━━━━━ Information provided

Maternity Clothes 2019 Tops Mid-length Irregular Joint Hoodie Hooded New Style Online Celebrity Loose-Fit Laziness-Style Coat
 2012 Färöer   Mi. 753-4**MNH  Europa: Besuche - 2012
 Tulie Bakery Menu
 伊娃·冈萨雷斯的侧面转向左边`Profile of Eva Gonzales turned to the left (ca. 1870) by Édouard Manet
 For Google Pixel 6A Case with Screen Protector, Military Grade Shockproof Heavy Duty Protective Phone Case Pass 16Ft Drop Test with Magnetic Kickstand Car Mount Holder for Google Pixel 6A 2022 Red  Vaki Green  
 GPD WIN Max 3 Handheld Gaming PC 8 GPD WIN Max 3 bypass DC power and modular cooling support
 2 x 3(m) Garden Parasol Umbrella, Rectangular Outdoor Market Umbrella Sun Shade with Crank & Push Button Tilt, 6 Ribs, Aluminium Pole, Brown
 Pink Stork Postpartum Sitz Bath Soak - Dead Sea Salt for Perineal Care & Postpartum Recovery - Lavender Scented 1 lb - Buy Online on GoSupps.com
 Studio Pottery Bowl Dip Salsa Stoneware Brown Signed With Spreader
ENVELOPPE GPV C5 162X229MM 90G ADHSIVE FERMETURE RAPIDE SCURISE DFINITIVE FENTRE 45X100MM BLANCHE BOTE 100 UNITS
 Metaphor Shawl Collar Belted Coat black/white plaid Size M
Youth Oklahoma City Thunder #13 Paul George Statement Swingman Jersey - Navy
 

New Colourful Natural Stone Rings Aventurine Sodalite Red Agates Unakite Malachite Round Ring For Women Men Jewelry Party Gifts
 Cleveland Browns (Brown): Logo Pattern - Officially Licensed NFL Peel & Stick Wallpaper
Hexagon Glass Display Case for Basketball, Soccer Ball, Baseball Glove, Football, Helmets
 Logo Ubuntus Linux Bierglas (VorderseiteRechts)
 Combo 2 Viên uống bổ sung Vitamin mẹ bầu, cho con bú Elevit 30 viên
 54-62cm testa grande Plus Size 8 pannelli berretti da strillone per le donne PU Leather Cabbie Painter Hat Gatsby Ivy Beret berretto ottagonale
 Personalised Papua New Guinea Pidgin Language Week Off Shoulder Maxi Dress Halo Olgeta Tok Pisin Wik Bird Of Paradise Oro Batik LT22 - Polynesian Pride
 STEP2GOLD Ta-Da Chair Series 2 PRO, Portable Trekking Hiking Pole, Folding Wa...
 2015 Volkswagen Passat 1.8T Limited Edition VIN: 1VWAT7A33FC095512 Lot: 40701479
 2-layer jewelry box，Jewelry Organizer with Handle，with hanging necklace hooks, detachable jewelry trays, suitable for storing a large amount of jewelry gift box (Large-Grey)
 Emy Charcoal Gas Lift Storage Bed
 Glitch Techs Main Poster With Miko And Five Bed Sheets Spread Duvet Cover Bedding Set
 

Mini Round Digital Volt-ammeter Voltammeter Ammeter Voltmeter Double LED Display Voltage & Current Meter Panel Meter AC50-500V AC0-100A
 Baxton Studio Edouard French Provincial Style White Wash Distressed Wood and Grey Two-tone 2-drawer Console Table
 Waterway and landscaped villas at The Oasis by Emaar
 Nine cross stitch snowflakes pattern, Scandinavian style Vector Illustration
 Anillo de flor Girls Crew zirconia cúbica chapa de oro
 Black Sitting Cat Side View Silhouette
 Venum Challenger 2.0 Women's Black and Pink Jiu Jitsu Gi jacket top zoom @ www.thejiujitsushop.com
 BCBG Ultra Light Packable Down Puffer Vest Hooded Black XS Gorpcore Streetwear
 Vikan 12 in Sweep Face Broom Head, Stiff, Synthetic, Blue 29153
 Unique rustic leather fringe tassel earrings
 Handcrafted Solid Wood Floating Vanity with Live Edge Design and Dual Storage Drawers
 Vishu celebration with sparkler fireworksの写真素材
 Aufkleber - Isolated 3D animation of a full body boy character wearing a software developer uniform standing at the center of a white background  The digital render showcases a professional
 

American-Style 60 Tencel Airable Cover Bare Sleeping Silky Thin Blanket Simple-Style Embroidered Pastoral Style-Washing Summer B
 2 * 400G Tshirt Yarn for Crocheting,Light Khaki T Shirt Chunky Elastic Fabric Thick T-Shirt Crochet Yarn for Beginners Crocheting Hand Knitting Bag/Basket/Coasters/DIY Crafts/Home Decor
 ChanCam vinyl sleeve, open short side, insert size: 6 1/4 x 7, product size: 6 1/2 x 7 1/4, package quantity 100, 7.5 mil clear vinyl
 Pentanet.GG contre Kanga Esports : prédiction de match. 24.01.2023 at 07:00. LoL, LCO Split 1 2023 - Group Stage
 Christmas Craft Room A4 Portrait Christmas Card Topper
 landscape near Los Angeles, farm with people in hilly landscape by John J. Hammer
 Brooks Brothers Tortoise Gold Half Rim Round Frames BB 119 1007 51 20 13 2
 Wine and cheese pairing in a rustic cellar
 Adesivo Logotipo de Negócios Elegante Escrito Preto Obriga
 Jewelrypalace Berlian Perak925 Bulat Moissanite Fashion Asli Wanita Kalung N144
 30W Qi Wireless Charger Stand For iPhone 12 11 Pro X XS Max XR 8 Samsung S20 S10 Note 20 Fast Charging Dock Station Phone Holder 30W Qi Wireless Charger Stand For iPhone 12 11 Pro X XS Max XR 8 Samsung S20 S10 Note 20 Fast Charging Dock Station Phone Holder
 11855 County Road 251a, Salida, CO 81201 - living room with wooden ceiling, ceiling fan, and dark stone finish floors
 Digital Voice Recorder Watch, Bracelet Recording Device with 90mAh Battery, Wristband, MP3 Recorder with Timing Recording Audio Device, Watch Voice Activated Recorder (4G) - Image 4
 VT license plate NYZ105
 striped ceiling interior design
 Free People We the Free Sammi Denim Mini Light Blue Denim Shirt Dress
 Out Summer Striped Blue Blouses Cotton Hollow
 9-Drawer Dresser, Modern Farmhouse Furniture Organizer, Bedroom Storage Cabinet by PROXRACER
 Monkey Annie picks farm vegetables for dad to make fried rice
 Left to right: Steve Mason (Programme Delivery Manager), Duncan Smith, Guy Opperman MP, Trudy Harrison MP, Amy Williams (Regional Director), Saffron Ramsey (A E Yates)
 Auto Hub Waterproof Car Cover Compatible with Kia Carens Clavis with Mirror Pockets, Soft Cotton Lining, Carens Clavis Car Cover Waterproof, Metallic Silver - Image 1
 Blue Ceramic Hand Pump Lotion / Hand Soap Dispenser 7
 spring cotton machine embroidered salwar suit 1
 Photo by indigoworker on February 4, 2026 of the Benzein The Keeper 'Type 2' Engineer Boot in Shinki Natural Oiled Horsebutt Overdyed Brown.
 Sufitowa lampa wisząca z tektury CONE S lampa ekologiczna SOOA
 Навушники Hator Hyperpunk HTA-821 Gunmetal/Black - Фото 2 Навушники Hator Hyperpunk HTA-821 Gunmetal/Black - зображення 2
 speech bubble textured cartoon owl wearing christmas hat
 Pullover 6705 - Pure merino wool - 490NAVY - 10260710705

━━━━━━━━━━

[Task prompt] Show every line of the entries above where the word "Hooded" occurs.

[Solved problem]
Maternity Clothes 2019 Tops Mid-length Irregular Joint Hoodie Hooded New Style Online Celebrity Loose-Fit Laziness-Style Coat
 BCBG Ultra Light Packable Down Puffer Vest Hooded Black XS Gorpcore Streetwear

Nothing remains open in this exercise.